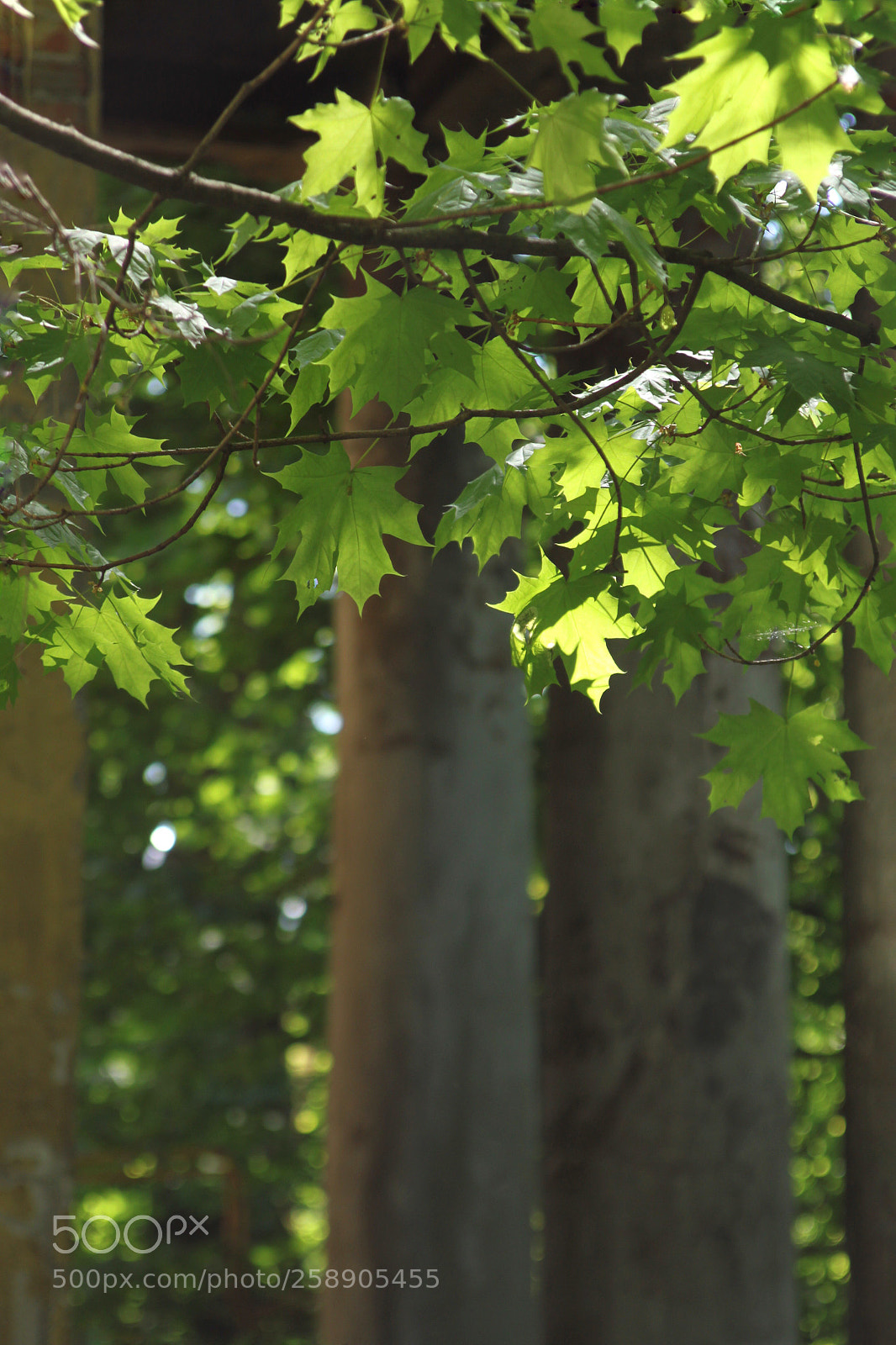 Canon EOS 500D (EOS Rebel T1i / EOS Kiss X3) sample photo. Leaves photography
+ + +
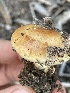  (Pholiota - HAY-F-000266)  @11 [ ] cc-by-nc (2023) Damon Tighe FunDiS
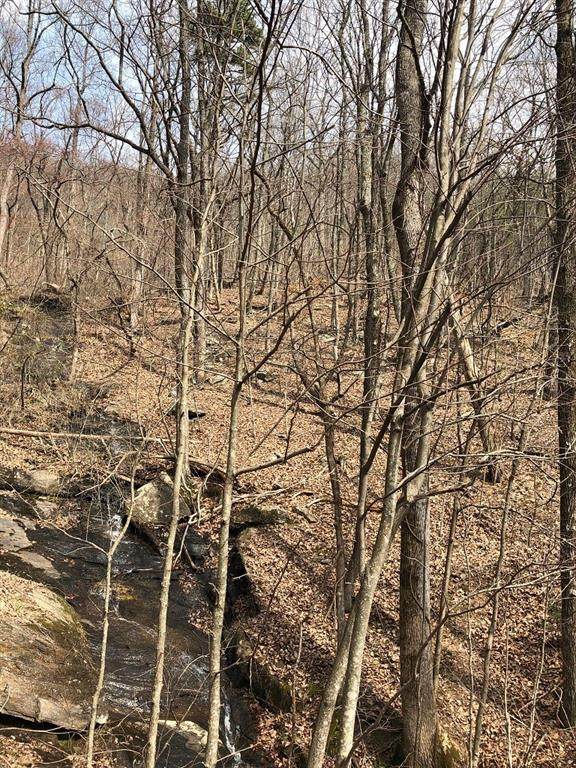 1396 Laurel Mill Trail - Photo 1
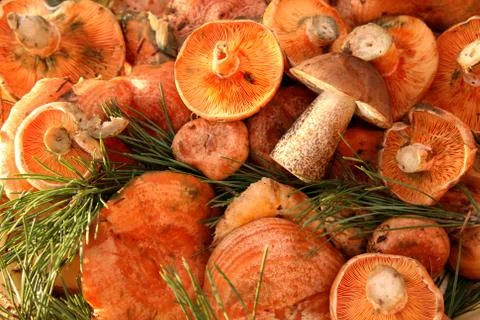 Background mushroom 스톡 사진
+ + +
**Required work**: In the records above, everything from the line with "(Pholiota - HAY-F-000266)" down to the line with "Background mushroom 스톡 사진" is to be set down exactly, both ends included, with no pictures and no other lines.

**Expected answer**:
  (Pholiota - HAY-F-000266)  @11 [ ] cc-by-nc (2023) Damon Tighe FunDiS
 1396 Laurel Mill Trail - Photo 1
 Background mushroom 스톡 사진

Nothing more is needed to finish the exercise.